Color Beechview was designed to get neighbors across generations making art together. Gurske said she participated in two of the three workshops held at the community center on Broadway Avenue. Artist Lori Hepner led dozens of neighbors, ranging in age from 4 to 84, in making art with wearable LED lights and a 6-foot glow stick resembling a lightsaber.
“We went with a lot of bright colors on the LEDs, and just let the community members use the lights themselves to draw, and then sort of be drawn, with the light to become portraits for the outside of the building,” Hepner said.

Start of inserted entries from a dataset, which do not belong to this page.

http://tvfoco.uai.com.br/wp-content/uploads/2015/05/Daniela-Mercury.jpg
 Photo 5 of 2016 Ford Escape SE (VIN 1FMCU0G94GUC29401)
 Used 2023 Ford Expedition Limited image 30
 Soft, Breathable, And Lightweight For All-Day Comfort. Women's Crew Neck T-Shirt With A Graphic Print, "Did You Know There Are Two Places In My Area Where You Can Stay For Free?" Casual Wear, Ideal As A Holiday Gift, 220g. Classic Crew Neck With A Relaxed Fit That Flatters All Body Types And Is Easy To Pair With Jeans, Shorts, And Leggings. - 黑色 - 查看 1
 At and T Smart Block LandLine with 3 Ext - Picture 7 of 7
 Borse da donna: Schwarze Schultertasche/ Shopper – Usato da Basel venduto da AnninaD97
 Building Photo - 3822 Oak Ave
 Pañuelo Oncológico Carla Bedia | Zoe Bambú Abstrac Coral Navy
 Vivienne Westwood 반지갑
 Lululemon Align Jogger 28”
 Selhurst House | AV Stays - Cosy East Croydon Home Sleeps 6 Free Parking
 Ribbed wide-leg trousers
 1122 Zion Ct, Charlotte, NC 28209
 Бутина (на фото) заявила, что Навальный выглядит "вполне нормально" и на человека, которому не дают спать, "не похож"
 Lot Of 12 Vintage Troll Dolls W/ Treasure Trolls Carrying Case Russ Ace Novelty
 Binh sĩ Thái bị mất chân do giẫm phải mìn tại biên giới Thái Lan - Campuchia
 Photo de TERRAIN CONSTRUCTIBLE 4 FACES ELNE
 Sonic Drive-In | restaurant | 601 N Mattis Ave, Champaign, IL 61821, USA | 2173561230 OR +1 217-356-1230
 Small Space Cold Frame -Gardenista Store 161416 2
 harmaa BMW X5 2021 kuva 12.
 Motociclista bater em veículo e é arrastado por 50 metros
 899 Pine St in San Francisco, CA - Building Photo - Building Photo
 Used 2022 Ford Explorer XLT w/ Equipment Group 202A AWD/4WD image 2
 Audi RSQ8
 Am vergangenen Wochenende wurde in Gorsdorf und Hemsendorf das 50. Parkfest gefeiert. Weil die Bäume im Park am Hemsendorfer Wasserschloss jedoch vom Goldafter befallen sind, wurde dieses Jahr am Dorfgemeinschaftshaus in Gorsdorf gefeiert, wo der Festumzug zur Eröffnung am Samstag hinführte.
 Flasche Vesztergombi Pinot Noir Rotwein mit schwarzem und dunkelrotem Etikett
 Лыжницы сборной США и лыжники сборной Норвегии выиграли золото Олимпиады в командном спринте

While participants danced and played with the lights, Hepner recorded long exposures of the resulting light patterns with a digital camera and special software. “It was a lot of improvising,” Hepner said. “There was music.”
The result was a series of abstract shapes – for instance, fan-shaped forms tracing the arc of the glow stick – incorporating white silhouettes of participants themselves.
“It was really neat watching some of the people,” said Gurske, who attended the project’s ribbon-cutting last week. “The kids especially, when they would move the bar, the light bar ... that was interesting to watch.”
Also in attendance at the ceremony was City Councilor Anthony Coghill, who represents the neighborhood, and by representatives of the organizations behind the project: the Public Art and Civic Design Division of Pittsburgh’s Department of City Planning; Citiparks; and the group Age-Friendly Pittsburgh. This is the city’s first collaboration with Age-Friendly, said Yesica Guerra, who manages the city’s Public Art and Civic Design Division.
Several Color Beechview images – including one incorporating Gurske’s silhouette – now adorn the railing outside the center, in shades of blue and green. Another piece serves as sort of welcome mat for the place, while a large-scale version decorates one of the commuter-rail cars on the Port Authority’s Red Line, which passes right by on the commercial strip. The works are temporary; Hepner said she expects them to last about a year.
For now, though, Gurske is pleased. “I think it turned out beautiful,” she said.